Лев Толстой был более последователен: он желал отменить всю современную цивилизацию. В его мире должен был остаться только крестьянский труд, а шахтам, доменным печам и вооруженным силам предстояло исчезнуть вместе со всей прочей господской дребеденью. Рыцари свободы не заморачивались трусливыми заботами о том, что будет, если революция каким-то чудом победит: их дело нанести удар в самое сердце разбойничьего гнезда, а за таким примером, глядишь, и народ поднимется. А если и не поднимется, все равно этот пример станет воодушевлять будущие поколения.

В юности Степняк-Кравчинский меня действительно воодушевлял...
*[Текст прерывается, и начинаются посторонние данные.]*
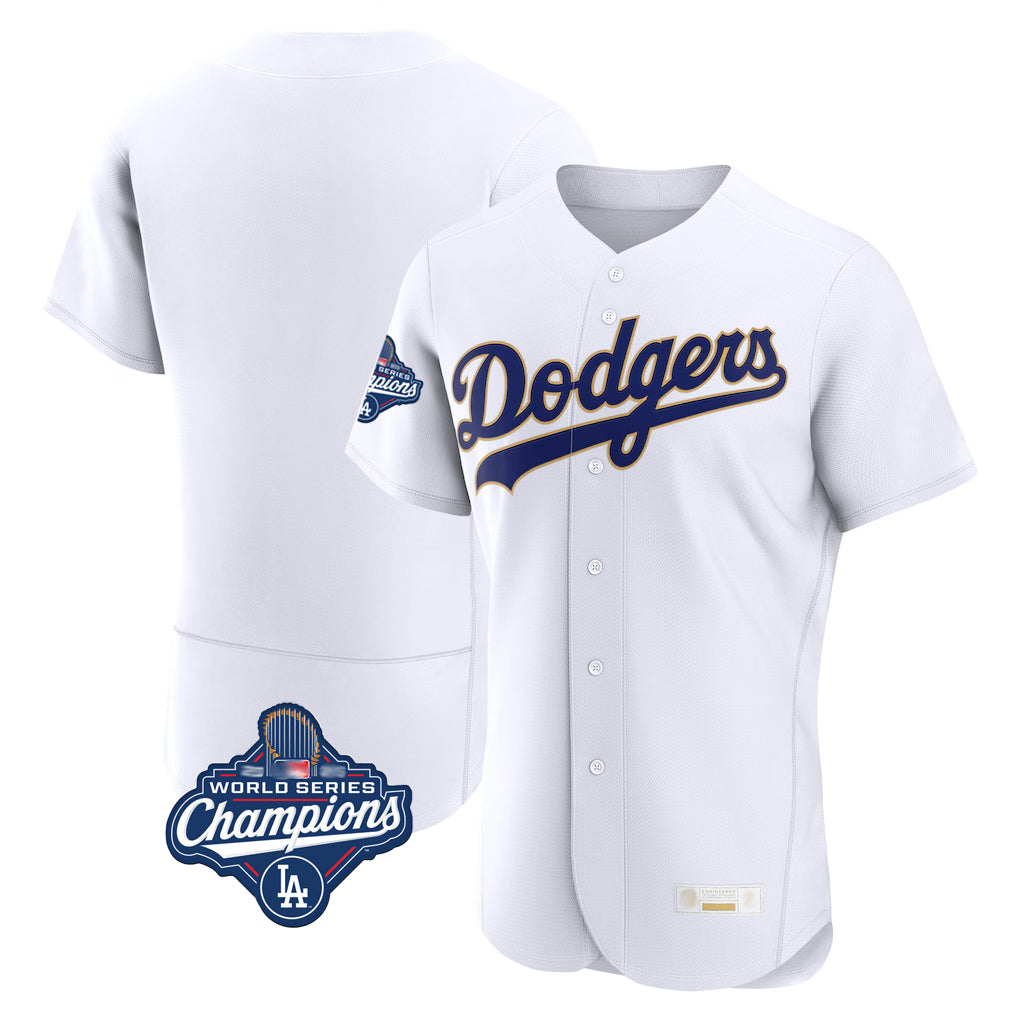 Odoa LA.Dodgers Blank Player Gold White 2026 Collection Stadium Limited Elite World Series Meet Stitched Jerseys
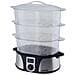 Vaporiera per Cucina Nera e Argento Plastica e Metallo 1000 W VAP12 - Foto miniatura 1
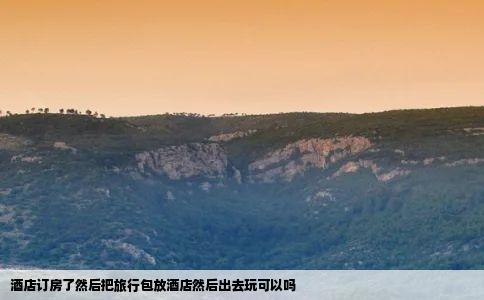 酒店订房了然后把旅行包放酒店然后出去玩可以吗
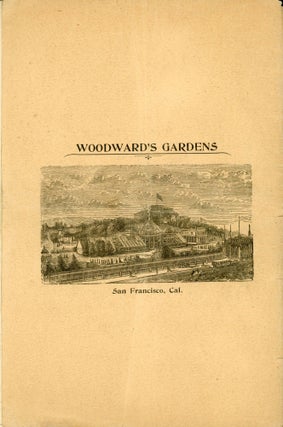 CATALOGUE OF THE GREAT COLLECTION IN NATURAL HISTORY OF THE WOODWARD'S GARDENS SAN FRANCISCO, CAL. COMMENCING THURSDAY, APRIL 6TH, 1893 AT 10 O'CLOCK A. M., ON THE PREMISES, MISSION ST., NEAR FOURTEENTH, AND CONTINUING DURING SUCCESSIVE DAYS, AT SAME HOUR, UNTIL EVERY ARTICLE IS SOLD. COMPRISING: FOUR MUSEUMS ... ART GALLERY ... THREE CONSERVATORIES ... LIVING ANIMALS AND BIRDS ... MARBLE STATUES AND VASES ... THE ABOVE COMPRISING OVER 75,000 OF VARIED ARTICLES OF VIRTU. --- ALSO --- A LARGE ASSORTMENT NOT ENUMERATED, CONSISTING OF MULES, WAGONS, CARTS, HOSE, GLASSWARE, CROCKERY, BENCHES, CHAIRS, STOOLS, IRON PIPING AND SUNDRIES. FOR FURTHER, INQUIRE OF EASTON, ELDRIDGE & CO. REAL ESTATE AND GENERAL AUCTIONEERS ...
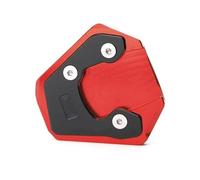 Side Stand Enlarge Motorcycle Side Stand Foot For Suzuki GSR750 Extension Pad Enlarge Kickstand Support Plate Anti-Skid Parking Footpad Extension Pad(RED)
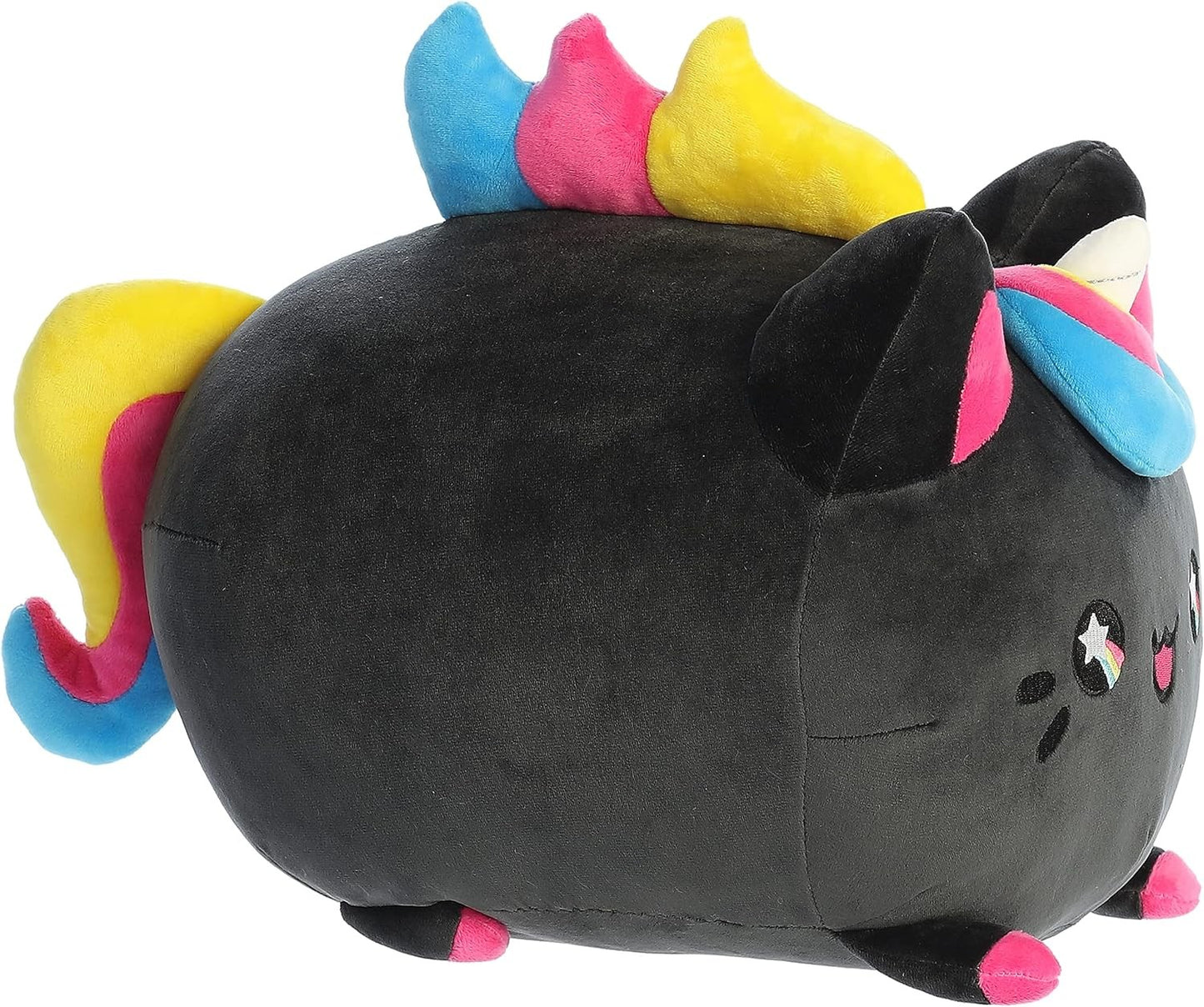 Aurora® Enchanting Tasty Peach® Ink Drop Unicorn Meowchi Stuffed Animal, 16 in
И у меня тоже не возникало наипростейшего вопроса: что было бы, если бы народ все-таки поднялся и эти герои действительно победили? Чем их революция оказалась бы лучше большевистской, относительно которой у меня оставалось уже очень мало иллюзий?

Чем? Только тем, что народники были красивы, -- разве этого мало? Обаяние социальных грез порождается не анализом земных подробностей (анализ как раз способен убить любую грезу), но именно свободой от подробностей, иллюзией отрыва от земли с ее несносными законами причинности. Вот почему эта сравнительно образованная молодежь не задумывалась о последствиях своих подвигов, не интересовалась анализом хотя бы их знаменитого современника Спенсера, уже тогда предсказавшего, что при социализме люди впадут в зависимость от своих уполномоченных. Кравчинский раскрывал причины этого удивительного легкомыслия с присущим ему и в жизни детским простодушием -- революционное движение было не политическим и не экономическим, а религиозным: «Движение это едва ли можно назвать политическим. Оно было скорее каким-то крестовым походом, отличаясь вполне заразительным и всепоглощающим характером религиозных движений. Люди стремились не только к достижению определенных практических целей, но вместе с тем к удовлетворению глубокой потребности личного нравственного очищения» (Степняк-Кравчинский, 1987).

Именно потребность в личном очищении и приводила к социальной безответственности: можно ли обсуждать выбор наименьшего зла, только и возможного в реальности, если речь идет о движении «к святой цели»!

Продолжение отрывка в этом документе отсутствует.